-------- Record set --------
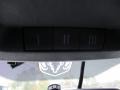 2011 Brilliant Black Crystal Pearl Dodge Ram 3500 HD SLT Crew Cab 4x4  photo #26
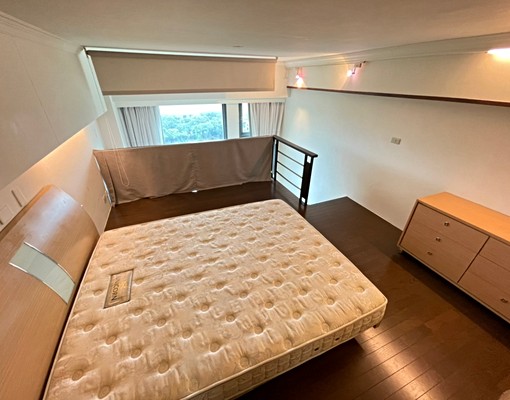 👍家樂福獨立套房👍【棻享好屋】 - Image 2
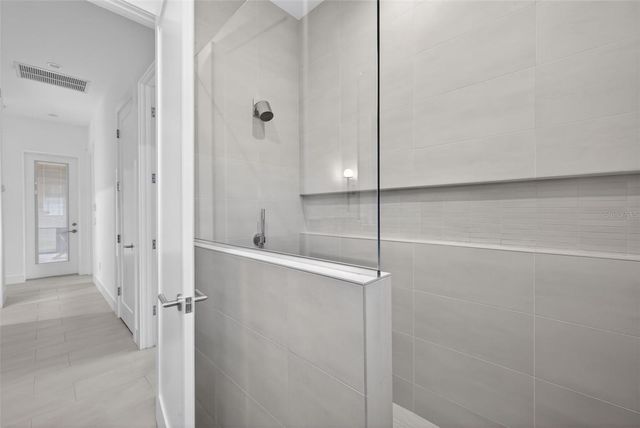 3363 TRINIDAD COURT, Punta Gorda, FL 33950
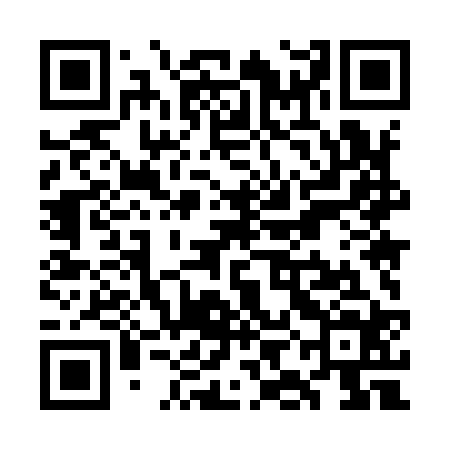 QR code for WIM924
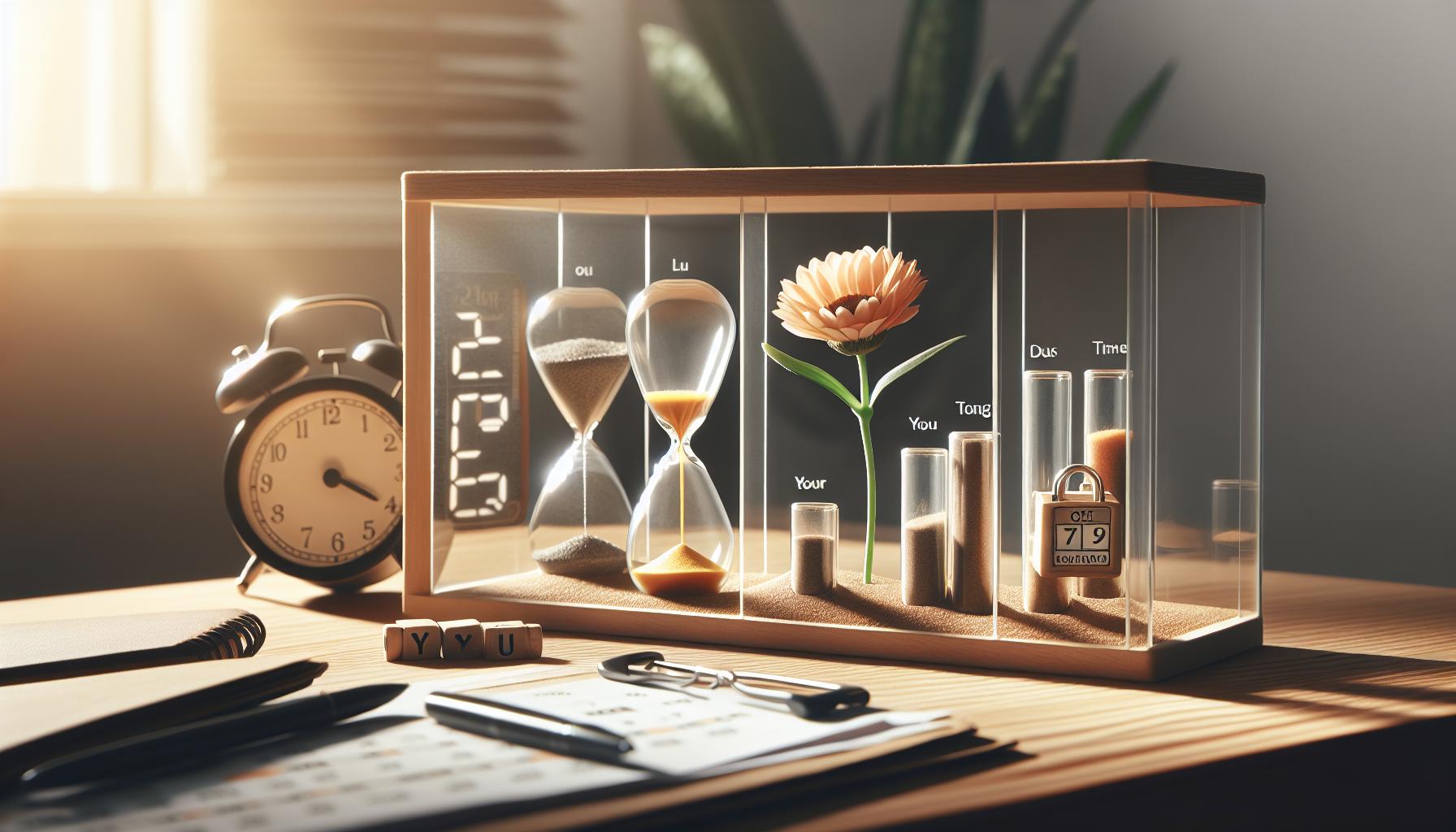 Effexor Review: Real Stories of Depression & Anxiety Relief 6 When to Expect Results and How Long They Last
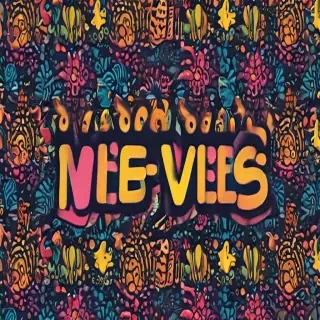 wallpaper good vibes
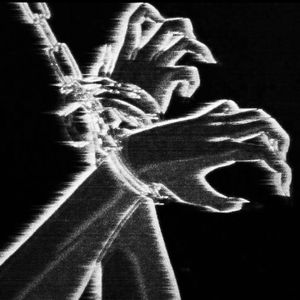 "反差" - SASIOVERLXRD x Jerk Drill Type Beat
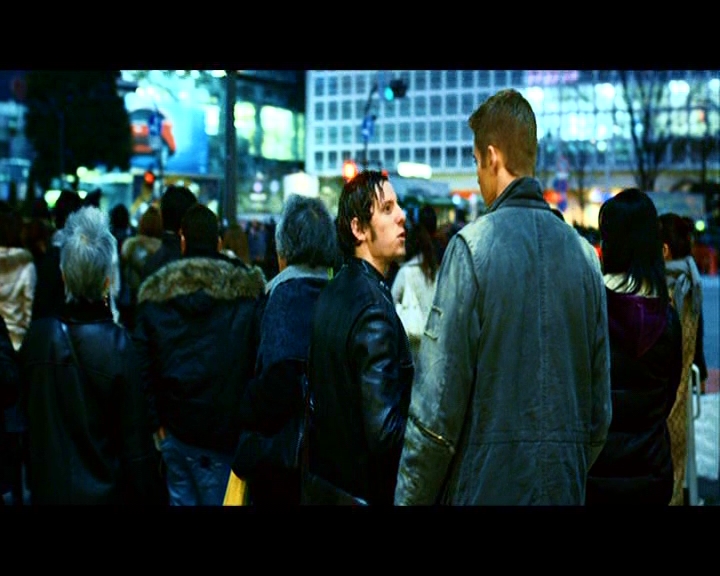 PDVD_1324.jpg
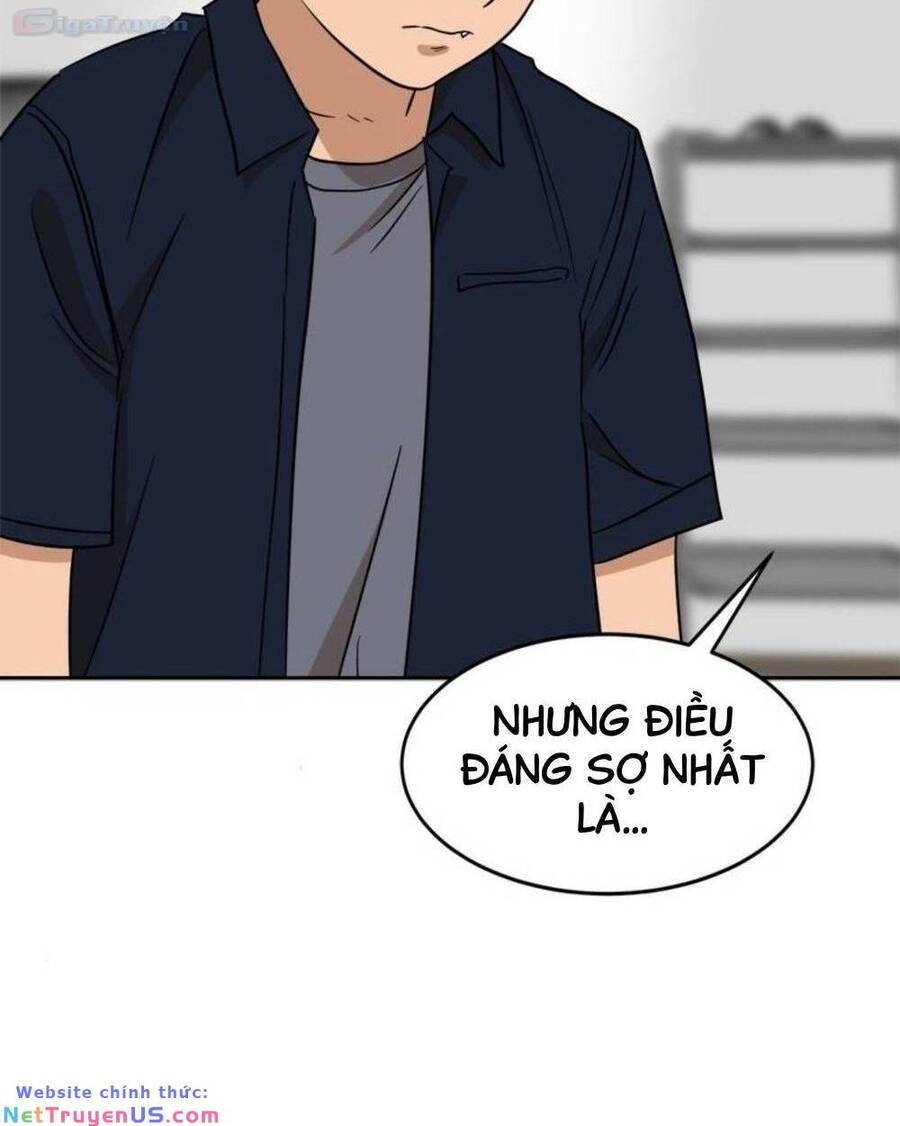 Trang 98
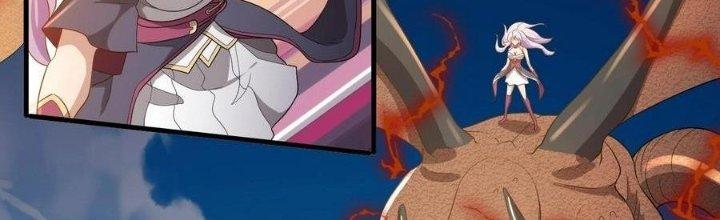 Thẻ Bài Của Tôi Có Thể Hợp Thành Vô Hạn Chapter 22 - Trang 3
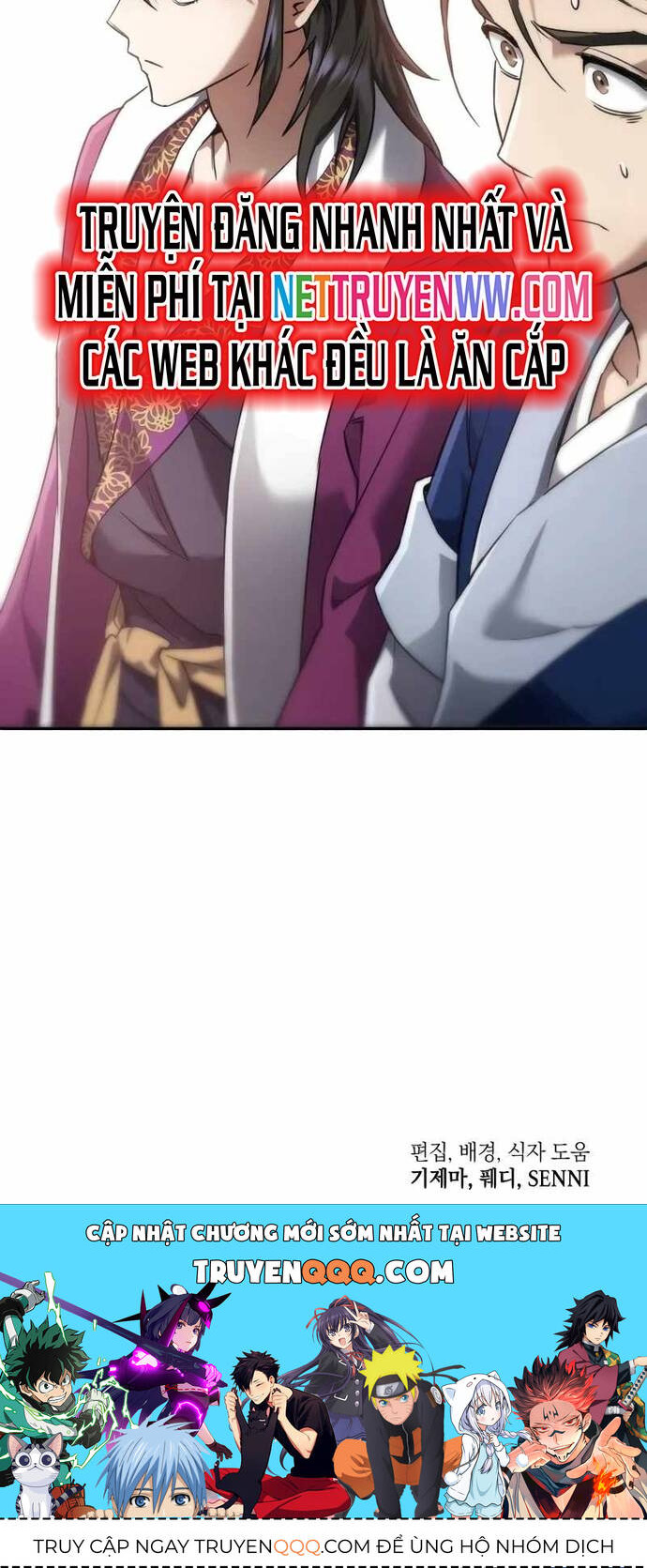 Thiên Ma Muốn Sống Một Cuộc Đời Bình Lặng - Chapter 4 - Page 46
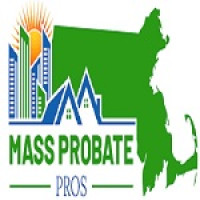 Mass Probate Pros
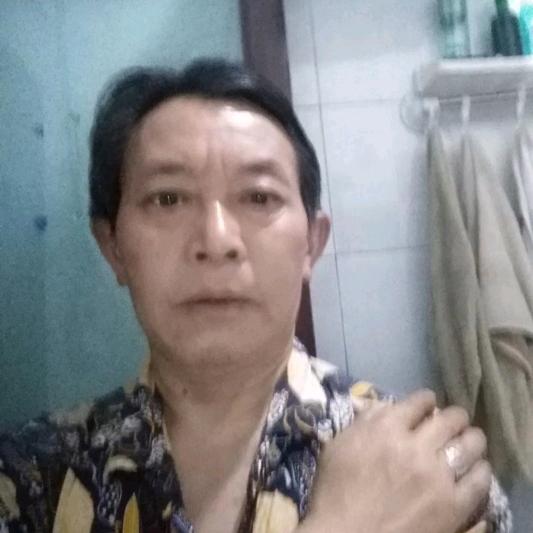莫老师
--------
Transcribe the entries word for word, without their pictures.

 2011 Brilliant Black Crystal Pearl Dodge Ram 3500 HD SLT Crew Cab 4x4  photo #26
 👍家樂福獨立套房👍【棻享好屋】 - Image 2
 3363 TRINIDAD COURT, Punta Gorda, FL 33950
 QR code for WIM924
 Effexor Review: Real Stories of Depression & Anxiety Relief 6 When to Expect Results and How Long They Last
 wallpaper good vibes
 "反差" - SASIOVERLXRD x Jerk Drill Type Beat
 PDVD_1324.jpg
 Trang 98
 Thẻ Bài Của Tôi Có Thể Hợp Thành Vô Hạn Chapter 22 - Trang 3
 Thiên Ma Muốn Sống Một Cuộc Đời Bình Lặng - Chapter 4 - Page 46
 Mass Probate Pros
莫老师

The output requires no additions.